La nuit du chien 3.

Rationaliser c’était tout ce qui restait face à l’horreur, ou se signer. Ce que lui avait raconté l’ouvrière semblait dans sa bouche aussi rationnel qu’un couteau. Un tueur en série à la frontière, pourquoi pas, ils avaient bien arrêté un type déjà en disant qu’il était coupable de tout, un égyptien. C’était d’autant plausible qu’en réalité les flics, les juges, tout le monde s’en foutaient des femmes. La plus part des ouvrières des maquiladoras, du jetable. Mais son cerveau avait du mal à admettre, à conceptualiser le profil d’humanité auquel un tueur de cette espèce pouvait appartenir. C’était cet acharnement qui était irrationnel, cette violence. Il  était à son bureau, les yeux perdu sur le crâne d’enfant éclaboussé de sang séché, à penser à tout ça, quand Carson alerta Louise. Le temps qu’il arrive, l’ambulance était déjà là avec Carson et un mexicain en chemise jaune, menotté. Au milieu de la chaussée les mouches s’agglutinaient sur une immense flaque de sang noir miroitant sous le ciel de titan. Carson lui expliqua ce qui s’était passé.

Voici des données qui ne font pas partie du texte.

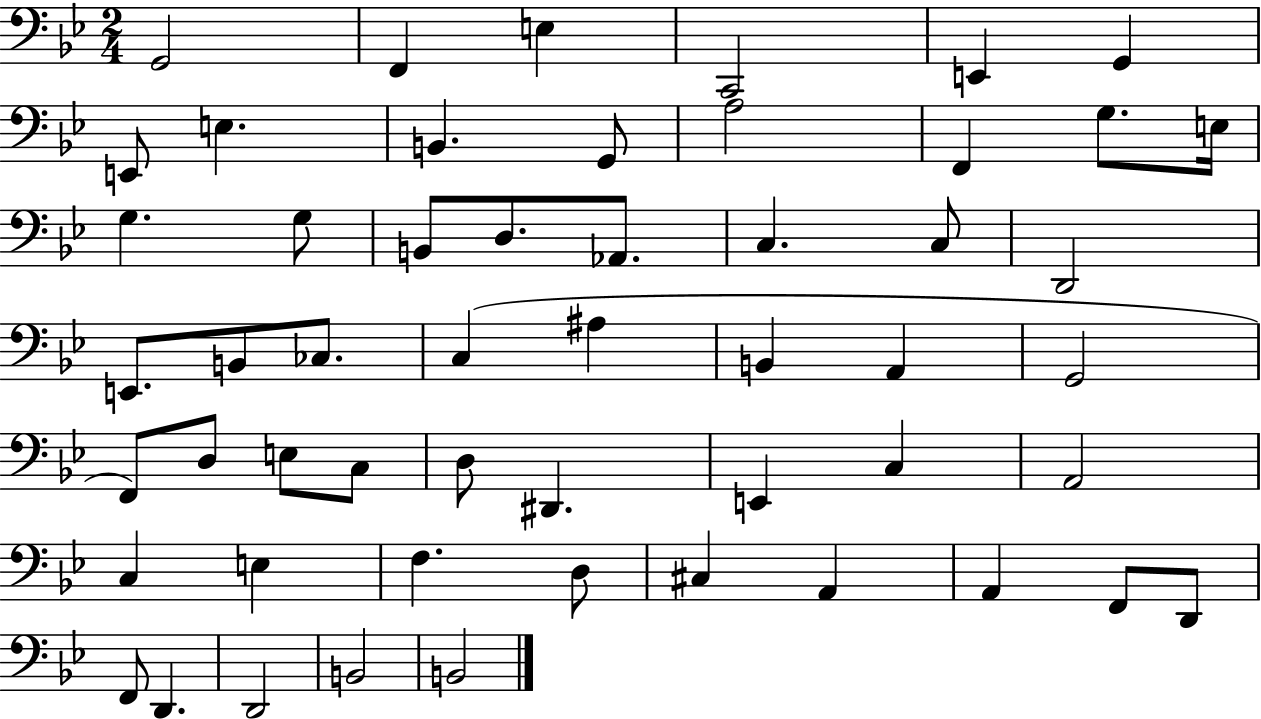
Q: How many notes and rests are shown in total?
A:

–       Vous avez fait quoi !?

–       Bah juste un petit coup.

–       Et sa tête a explosé, juste un petit coup ?

–       Pas sa tête, sa mâchoire… et son cou. Il était en train d’avaler une balle, il y a pas d’autre explication.

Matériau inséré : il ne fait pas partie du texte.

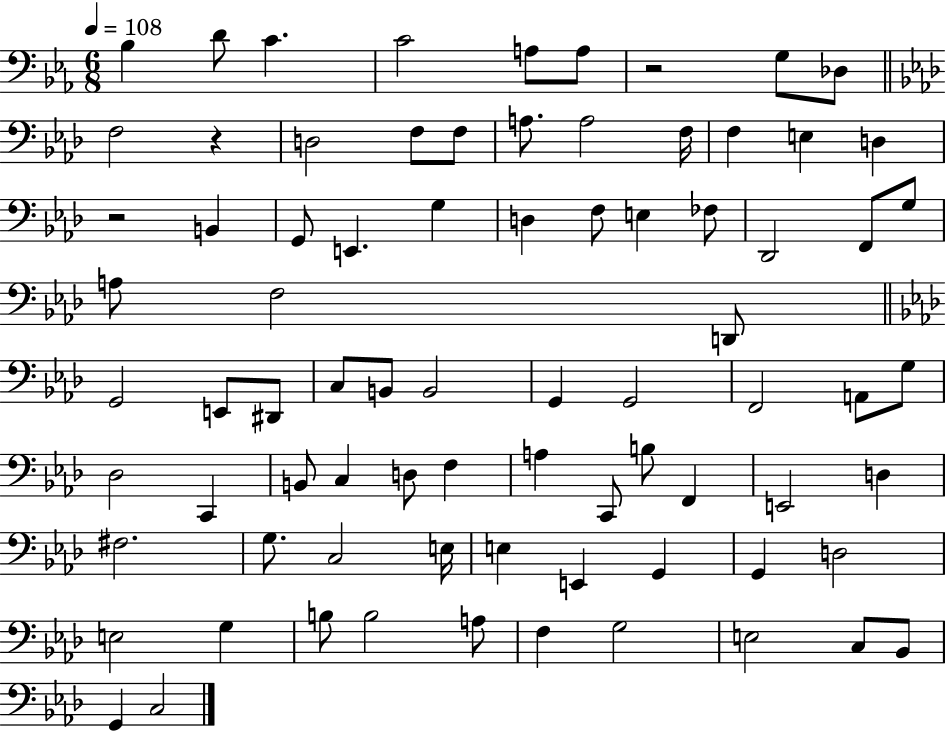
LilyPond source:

–       Avaler une balle ? Pourquoi avaler une balle ?

–       Je l’ai vu faire ! J’ai cru que c’était de la drogue même.

Parker secoua la tête.

–       Bon Dieu… Et lui c’est qui ?

–       Il dit qu’il s’appel Felix Gomez, son permis aussi, mais je suis sûr que l’un des deux raconte de la merde.

–       Hablo ingles ? Questionna le shérif avec un méchant accent

–       Oui shérif, je parle muy bien, c’est une méprise shérif, je ne comprends pas, je n’ai rien fait.

–       Comment vous connaissez Kid ?

–       On était en Iraq ensemble, plaida le mexicain.

–       T’étais en Iraq toi ? Grogna Carson, quel régiment ?

–       Douzième régiment de Marine, monsieur.

–       Artilleur hein.

–       Oui monsieur.

–       Boulot de planqué, cracha Carson.

–       Ca va bien Carson, retournez chez vous.

–       Chez moi ? Pourquoi vous voulez que je retourne chez moi ?

–       Parce que jusqu’à preuve du contraire vous êtes responsable d’un décès et que si vous n’étiez pas à huit mois de la retraite je vous aurais déjà arrêté.

Carson jeta un coup d’œil haineux au mexicain, comme s’il lui en voulait d’assister à ça.

–       Eh c’était un accident je vous dis !

–       Et frapper un suspect au visage depuis quand vous avez vu que c’était réglementaire ? Rentrez chez vous je vous dis. C’est un ordre !

Une fois laissé seul, il s’adressa à son suspect.

–       Bon, à nous deux Monsieur Gomez, qu’est-ce qui s’est passé ?

–       Dites vous voulez pas me retirer ces menottes d’abord, j’ai rien fait.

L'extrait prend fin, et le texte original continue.